家族葬 香典 お礼の実情として、供養の気持ちとして届いたものを無理に送り返すのはマナー違反です。好意としてありがたく受領し、後日改めて丁寧なお礼状と返礼品をお贈りするのが一般的なコンセンサスとなっています。
また、SNSや知恵袋等のコミュニティでも「上司や友人にLINEでお礼を送るのは失礼か」という議論が頻繁に見られます。結論として、現代では「葬儀直後の安否や報告を兼ねた一次連絡としてのLINE・メール」は広く容認されています。ただし、「親しき仲にも礼儀あり」の観点から、スタンプのみの返信やくだけすぎた表現は避け、時候の挨拶を省きつつも誠実な文面を保つ姿勢が求められます。
【要注意】知らずに使っていませんか?お香典のお礼で避けるべき忌み言葉とタブー
不祝儀の場では、古くからの言霊(ことだま)信仰に由来するお香典 忌み言葉 タブーが存在します。悪気なく発した一言が相手に違和感を与えてしまわないよう、以下の表現には十分注意が必要です。
- 重ね言葉(不幸が重なることを連想させる):
「重ね重ね」「ますます」「度々」「次々」「いよいよ」「再三」など。
※言い換え例:「重ね重ねお礼申し上げます」→「深く御礼申し上げます」 - 直接的な表現(死や苦痛を直接表す言葉):
「死ぬ」「急死」「生きている頃」「自殺」など。
※言い換え例:「ご逝去」「生前」「お元気だった頃」 - 続き言葉(不幸が続くことを連想させる):
「続いて」「再び」「追って」など。
また、宗教・宗派による違いにも配慮が必要です。例えば「冥福を祈る」「供養」という表現は仏教(特に浄土真宗を除く各宗派)で用いられるものであり、神道やキリスト教では使われません。神道では「御霊(みたま)のご平安をお祈りいたします」、キリスト教では「安らかな眠りをお祈りいたします」といった言葉を用います。
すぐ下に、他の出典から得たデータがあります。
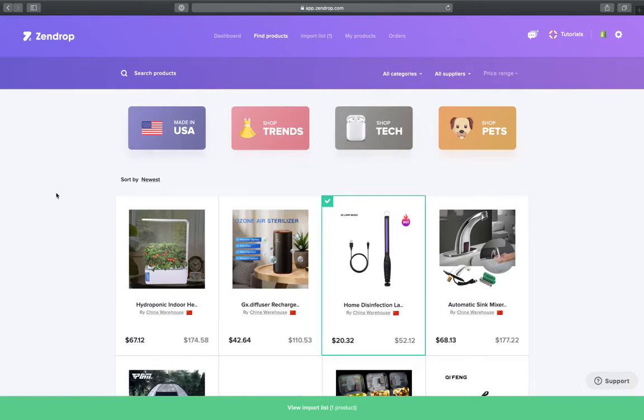What's up guys, Lucas over here at Zendrop. So today I'm going to go over this awesome new feature that we introduced a few days ago, which is turning on or off express shipping to any orders before you fulfill them.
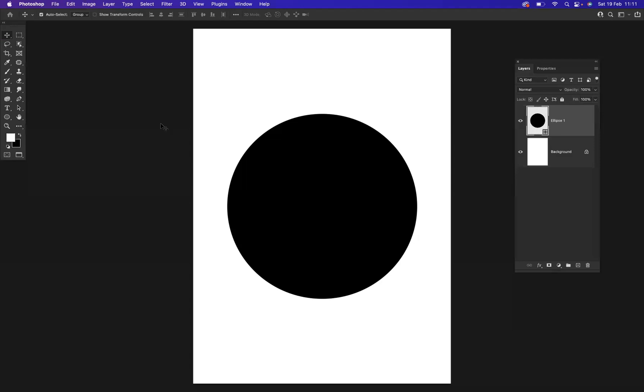Welcome back to another online tutorial with Jack, one of the tutors at Blue Sky Graphics. Today we are in Photoshop, and it's my pleasure to welcome you to this tutorial. The reason we're here is to discuss how to place gradients within shapes.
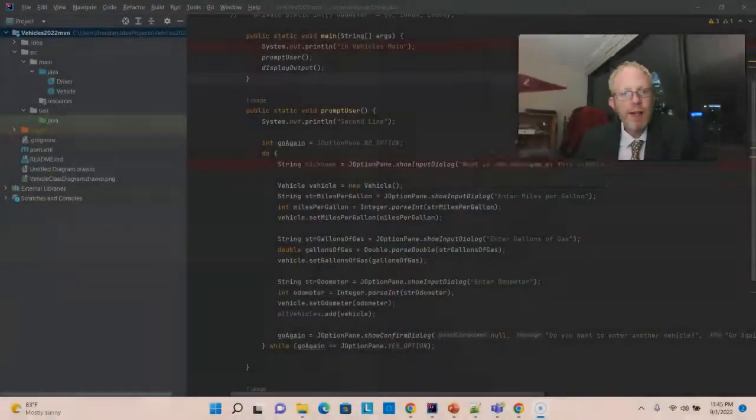In this video, I'm going to write a simple unit test in an existing Maven project in IntelliJ IDEA.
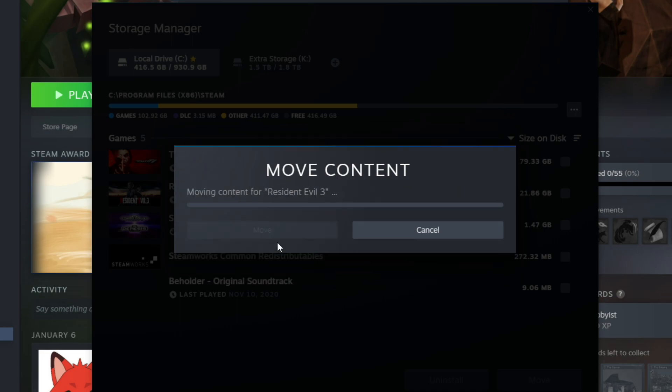From here, it's going to move the Resident Evil 3 installation. Currently, I have my Steam set up to where I have all of my cloud saves in the cloud. So I'm not actually moving my cloud data. If I were to play it on my other computer, I'll be able to actually resume my progress.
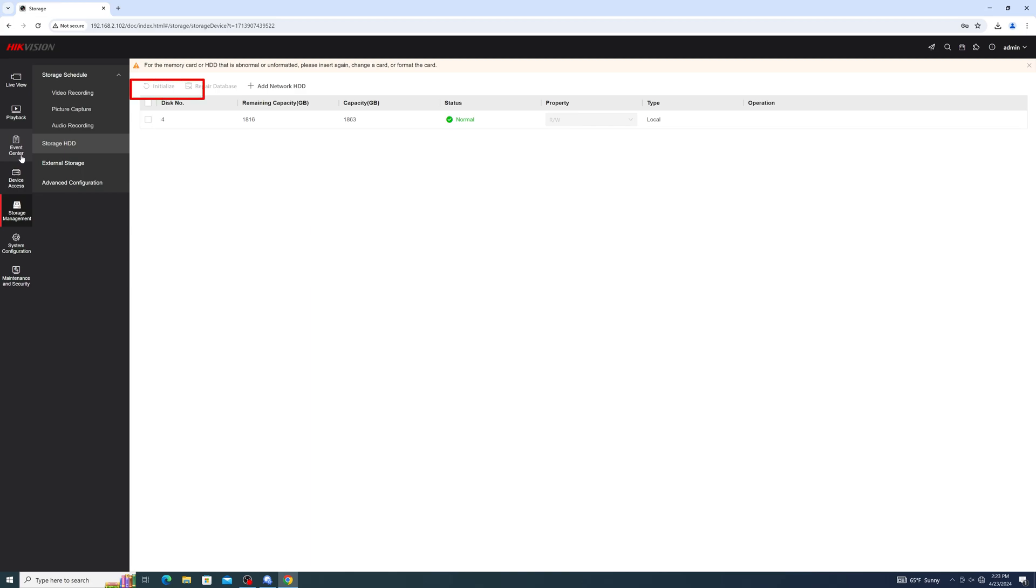When installing a new drive, it is typically recommended to initialize it. However, please keep in mind that by initializing it, you will erase all data currently on the drive. Prior to initialization, you'll want to make sure that anything that you don't want deleted has been backed up first.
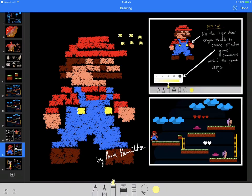So I hope you found that useful. Really great way of using the crayon tool and the different sizes to create your own character sprites, and kids can have a lot of fun with that. Paul Hamilton here, signing off.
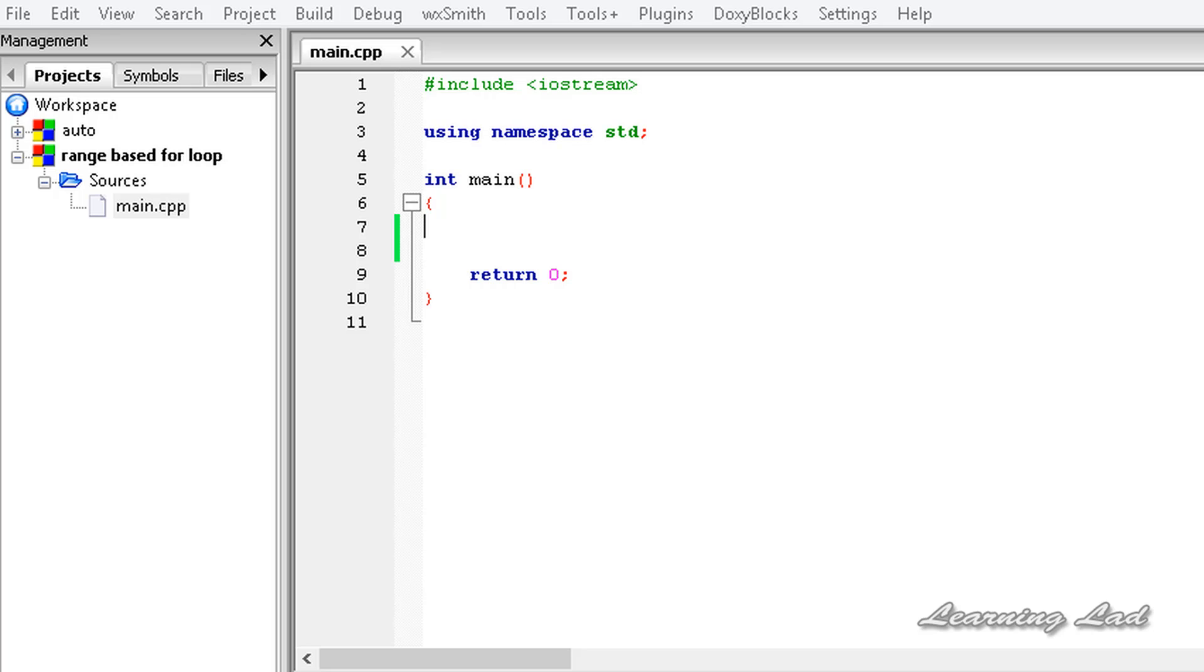Hi, this is Anil, and welcome to the video tutorial for The Learning Lad on C++ programming. In this tutorial, we're going to learn about the range-based for loop in C++.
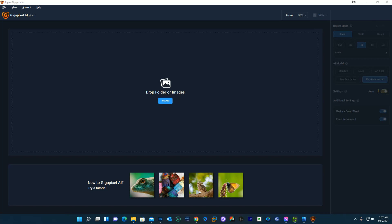All right, so my name is Scott Bursick. I do not work for Topaz. I'm not getting paid for this. I'm not getting any free product, nothing. I'm just showing how I use the Gigapixel AI and kind of give you a demo of it.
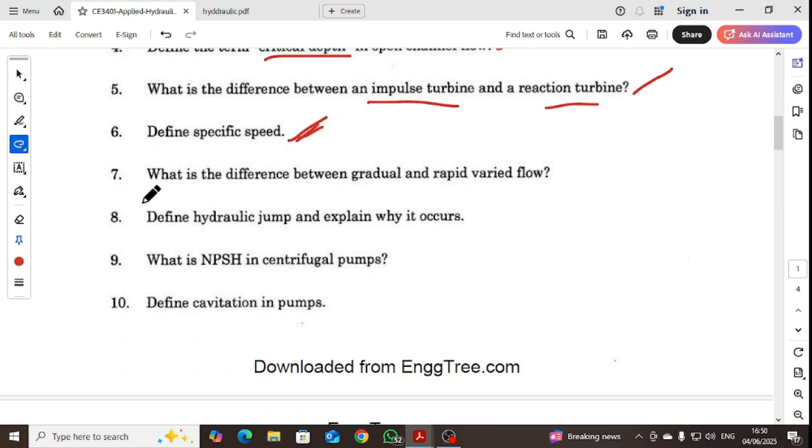What is the difference between gradually varied flow and rapidly varied flow? These are the types of flow we will be covering.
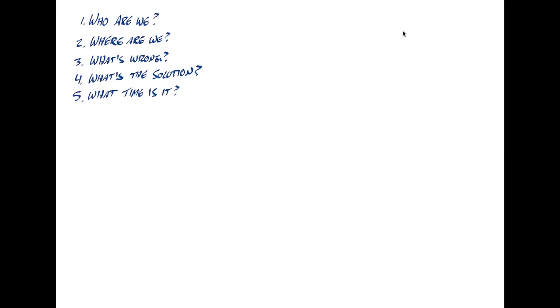So everybody has an answer to these questions that they explicitly or implicitly live in. And one of the things for us to do in evangelism is to help people to draw out for people what their actual answers to those questions are and realize that what they just see as it's just the way it is,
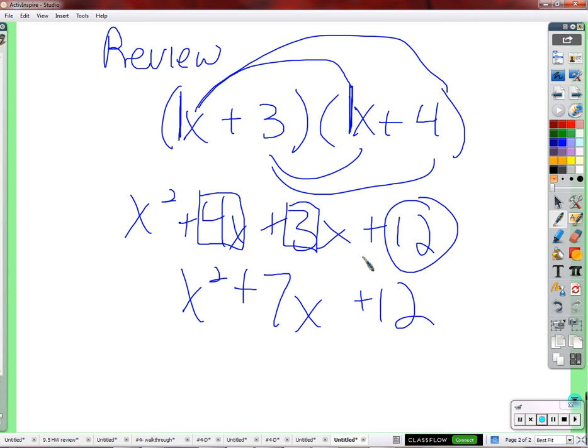So whenever we factor, we are always asking ourselves: what multiplies to 12 and adds to 7? That's how we know how to fill in the blanks. Let's remind ourselves how to do that.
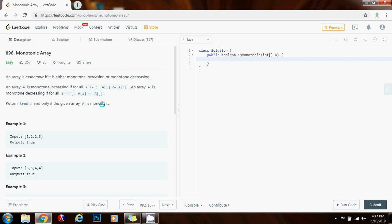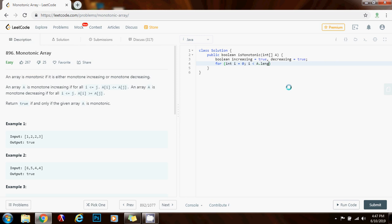Now I'm going to show you how to write the code. First, I'll have two boolean variables: boolean increasing, initialized to true, and decreasing, initialized to true. Initially I'm assuming the array is monotonic. Then I set up a for loop: for integer i = 0; i < a.length - 1; i++. I do minus one because in every iteration I'm checking the element at position i with the element at position i+1, so I don't want to go out of bounds.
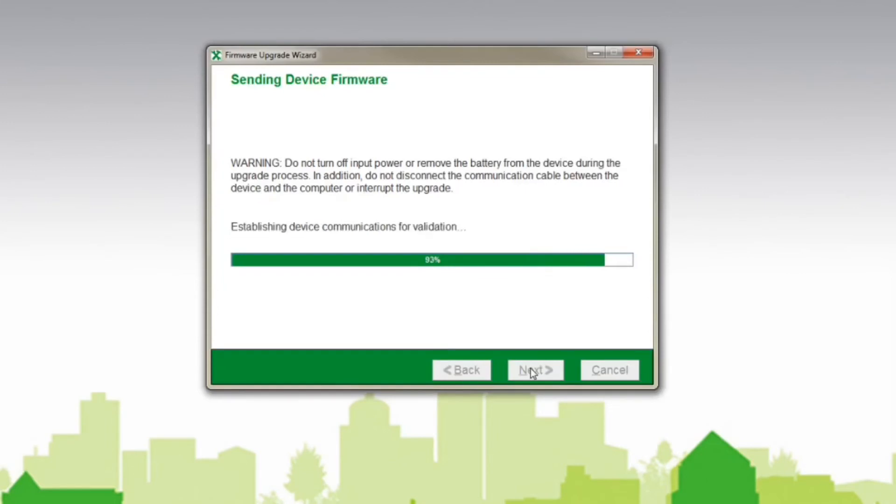The complete process will take 5 to 20 minutes and will require that you shut down any load attached to the UPS.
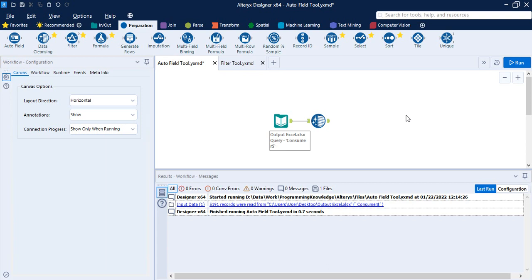Hello everyone, welcome back to the Alteryx tutorials. In this video we are going to talk about a few tools from the preparation tab in Alteryx. We have already discussed the tools of the in-out tab — the tools handy when importing or exporting data. Now once we have imported the data, we may need to perform some manipulations, so we'll be looking at the preparation tools.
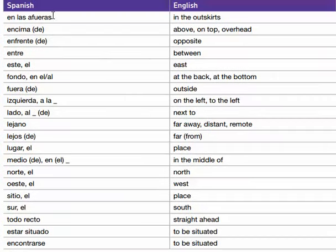En las afueras, en las afueras — in the outskirts. Encima de, encima de — above, on top, overhead.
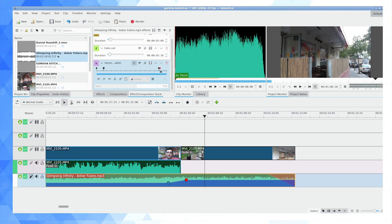Hope this video is useful if you're a Kdenlive user. Thank you for watching. If you'd like to get more videos from me about Kdenlive, tech, and many other subjects, please consider subscribing to this YouTube channel. Thank you for watching.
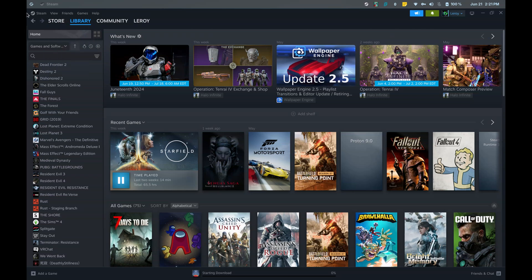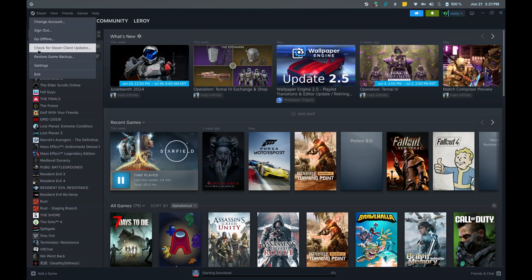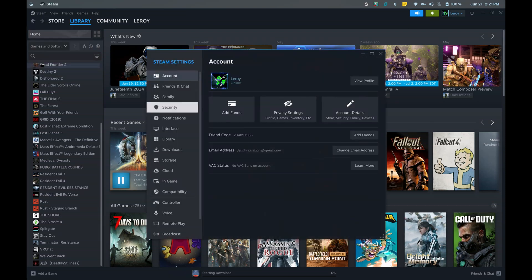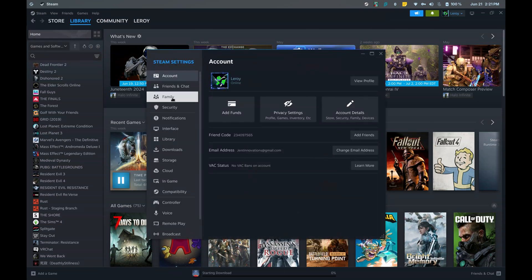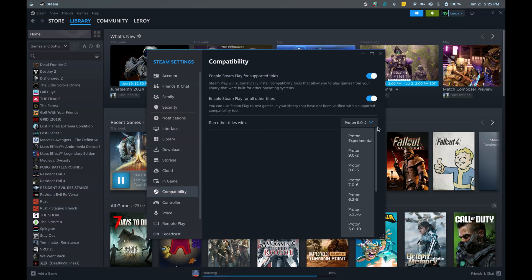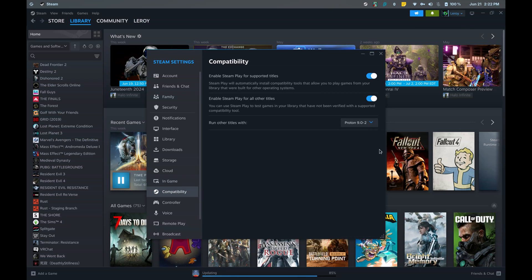Next, we need to enable Proton. Go to Steam in the top left corner, then select Settings. In the Settings menu, navigate to Steam Play. Check the box that says Enable Steam Play for Supported Titles, and Enable Steam Play for All Other Titles. From the drop-down menu, select Proton 9 as your preferred compatibility tool.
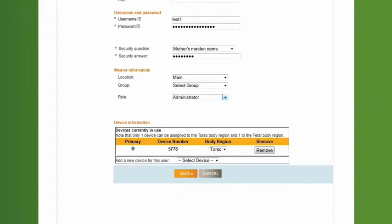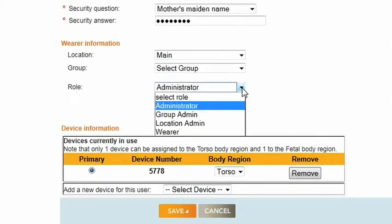When creating or editing user profiles within your account, the role you assign can limit access to certain functions on the site. The Administrator role provides full access to all functions on the site, from placing orders and performing readings for devices, running reports, creating or deactivating locations and users, to registering and initializing devices.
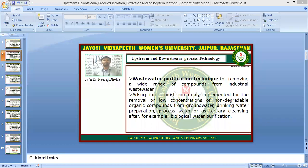Namaste students. I am Dr. Neera Zholia, Faculty of Agriculture and Veterinary Science, Jayati Vidyapit Women's University, Jaipur.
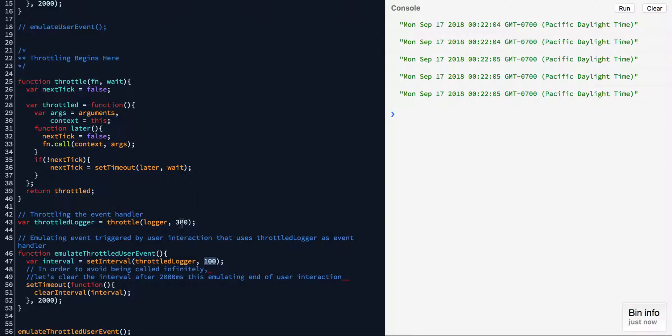It calls the event handler only so many times based on how many milliseconds have passed since the previous time it was executed. And it stops when the event stops — as in, if the user stops scrolling, then the last scroll event that triggered the handler will be the last time it was called.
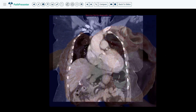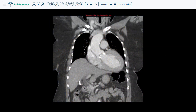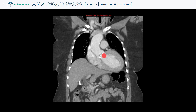Case 1 is calcific aortic valve stenosis. This coronal CT scan shows the thorax and upper abdomen. This is the right lung, this is the left lung, and this is the heart. This area is the left ventricle, and this is the aorta. So in between them, this area is where the aortic valve would be. These white lesions here represent the calcification of the calcific aortic valve stenosis.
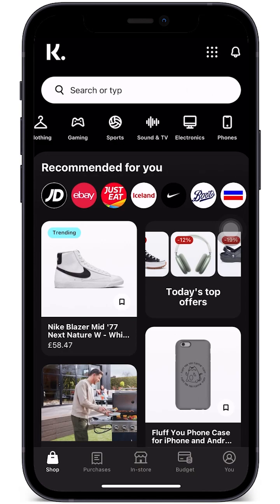Hello everyone and welcome back to the video. In this video we'll be talking about what payment methods Klarna accepts and what are some examples that we can use for Klarna itself.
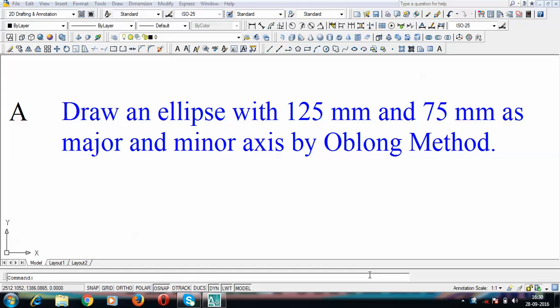Hey guys, this is Manas and welcome to my channel. This time around we'll be starting with methods of construction for various types of curves such as ellipse, parabola, and hyperbola. These curves in totality are also known as conic sections, because these curves are generated by sectioning a cone in different ways. We'll be starting today's tutorial with a construction known as the oblong method.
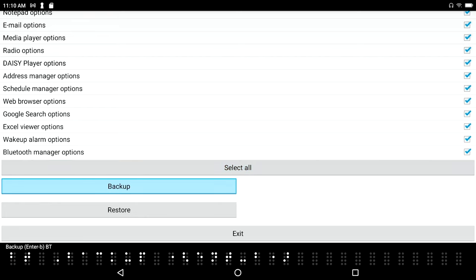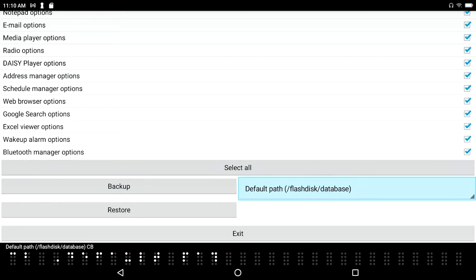Default path flash disk database combo box. I see flash disk database. I am on my Braille Sense 6, not the Polaris here, so this structure might look a little different to you, but the concept is the same. I'm going to press backspace to move up one level.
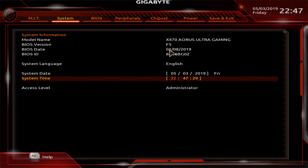AMD's Ryzen offers great performance for a very reasonable price. In front of me is a Ryzen 5 1600 paired with an X470 Aorus Ultra motherboard from Gigabyte.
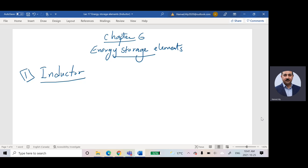We didn't see any inductor or capacitor because we were talking about DC. But if we start talking about AC, we are going to see the inductor and the capacitor. Today I will probably cover only the inductor and next class I will talk about the capacitor. We call them energy storage elements because both store energy — the inductor stores energy in the form of magnetic flux, and the capacitor, which has two plates, stores energy as a potential difference between the two plates.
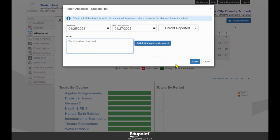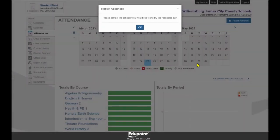Click Save. Once the school has reviewed your student's reported absence, you will receive an email.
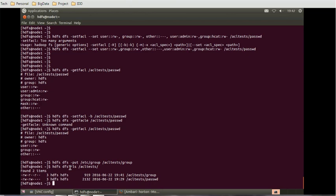I think for today's session we saw how to control the access level on the file level. In the next session we will see how to do the access control on the directory level. Thank you for watching my video. You can subscribe my channel for more interesting updates and videos on Hadoop. Have a nice time.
【香典返し・添え状】はがき・一筆箋に添える感謝の文例と書き方の作法
四十九日(忌明け)を迎え、香典返しの品物を郵送する際には挨拶状(添え状)を添えます。ここでは、標準的な香典返し お礼状 はがき 例文および香典返し 添え状 文例を紹介します。
はがき・挨拶状の作成ルール
- 句読点(、や。)を用いない:「法事が滞りなく流れるように」「縁が切れないように」という願いから、毛筆の慣習に従い句読点を打たずに空白で区切ります。
- 頭語と結語を用いる:「拝啓」ではじまり「敬具」で結ぶのが一般的です。
- 書面の最後に日付と差出人名を記載する:「令和〇年〇月 喪主 〇〇〇〇」と記載します。
【標準的な香典返し添え状の文例】
御尊家におかれましては益々ご清祥のこととお慶び申し上げます
先般 亡父 〇〇 儀 葬儀に際しましては ご多忙中にもかかわらずご懇篤なるご弔慰をいただき 且つ過分なるご香志を賜り厚く御礼申し上げます
おかげをもちまして この度 忌明の法要を滞りなく相営みました
つきましては 供養のしるしまでに心ばかりの品を同封いたしましたので 何卒ご受納くださいますようお願い申し上げます
本来であれば拝眉の上 親しく御礼を申し上げるべきところでございますが 略儀ながら書面をもちましてご挨拶申し上げます
敬具
令和〇年〇月
喪主 〇〇 〇〇
【香典 を もらっ た とき の お礼 の 言葉】に関するよくある質問(FAQ)
Q1:香典をもらった直後に「ありがとうございます」と言ってはいけない理由は?
A1:慶事の感謝と混同されることを防ぐためです。弔事では「恐縮する」「痛み入る」という意味合いを込め、「恐れ入ります」「ご丁寧に恐縮でございます」「ご厚志痛み入ります」と表現するのが伝統的なマナーとされています。
Q2:香典返しの品物を送る際、手紙ではなく電話やメッセージだけで済ませても良いですか?
A2:基本的には品物に添え状(挨拶状)を同封するのが正式な作法です。ただし、ごく親しい友人等から「お返しは辞退する」と強く念を押されている場合は、電話や手紙で感謝の気持ちを伝えるのみに留めるケースもあります。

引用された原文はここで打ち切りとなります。